Re: Number of partitions for sharded table

2012-10-30 Thread Krishmin Rai
Thanks, Adam… that's exactly what I was looking for, and gives me a lot to 
think about.

-Krishmin

On Oct 30, 2012, at 4:08 PM, Adam Fuchs wrote:

 Krishmin,
 
 There are a few extremes to keep in mind when choosing a manual partitioning 
 strategy:
 1. Parallelism and balance at ingest time. You need to find a happy medium 
 between too few partitions (not enough parallelism) and too many partitions 
 (tablet server resource contention and inefficient indexes). Probably at 
 least one partition per tablet server being actively written to is good, and 
 you'll want to pre-split so they can be distributed evenly. Ten partitions 
 per tablet server is probably not too many -- I wouldn't expect to see 
 contention at that point.
 2. Parallelism and balance at query time. At query time, you'll be selecting 
 a subset of all of the partitions that you've ever ingested into. This subset 
 should be bounded similarly to the concern addressed in #1, but the bounds 
 could be looser depending on the types of queries you want to run.
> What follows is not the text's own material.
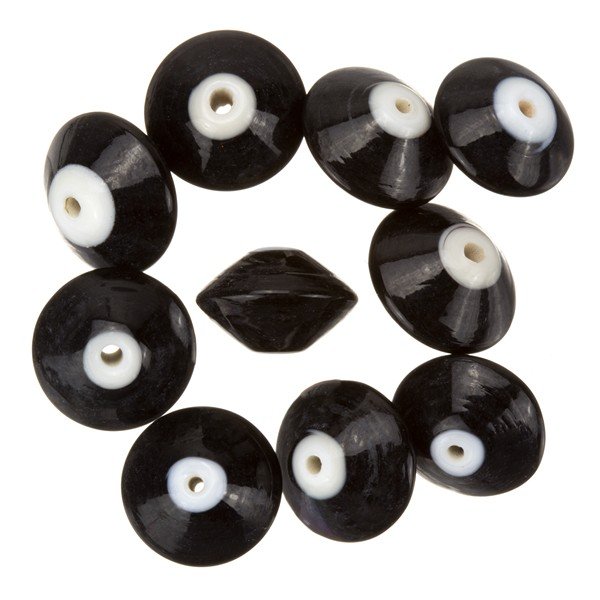 Donut Shape Shiny Opaque Black Glass Beads 16mm PK10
Lower 
 latency queries would tend to favor only a few partitions per node.
 3. Growth over time in partition size. Over time, you want partitions to be 
 bounded to less than about 10-100GB. This has to do with limiting the maximum 
 amount of time that a major compaction will take, and impacts availability 
 and performance in the extreme cases. At the same time, you want partitions 
 to be as large as possible so that their indexes are more efficient.
 
 One strategy to optimize partition size would be to keep using each partition 
 until it is full, then make another partition. Another would be to allocate 
 a certain number of partitions per day, and then only put data in those 
 partitions during that day. These strategies are also elastic, and can be 
 tweaked as the cluster grows.
 
 In all of these cases, you will need a good load balancing strategy. The 
 default strategy of evening up the number of partitions per tablet server is 
 probably not sufficient, so you may need to write your own tablet load 
 balancer that is aware of your partitioning strategy.
 
 Cheers,
 Adam
 
 
 
 On Tue, Oct 30, 2012 at 3:06 PM, Krishmin Rai kr...@missionfoc.us wrote:
 Hi All,
   We're working with an index table whose row is a shardId (an integer, like 
 the wiki-search or IndexedDoc examples). I was just wondering what the right 
 strategy is for choosing a number of partitions, particularly given a cluster 
 that could potentially grow.
 
   If I simply set the number of shards equal to the number of slave nodes, 
 additional nodes would not improve query performance (at least over the data 
 already ingested). But starting with more partitions than slave nodes would 
 result in multiple tablets per tablet server… I'm not really sure how that 
 would impact performance, particularly given that all queries against the 
 table will be batchscanners with an infinite range.
 
   Just wondering how others have addressed this problem, and if there are any 
 performance rules of thumb regarding the ratio of tablets to tablet servers.
 
 Thanks!
 Krishmin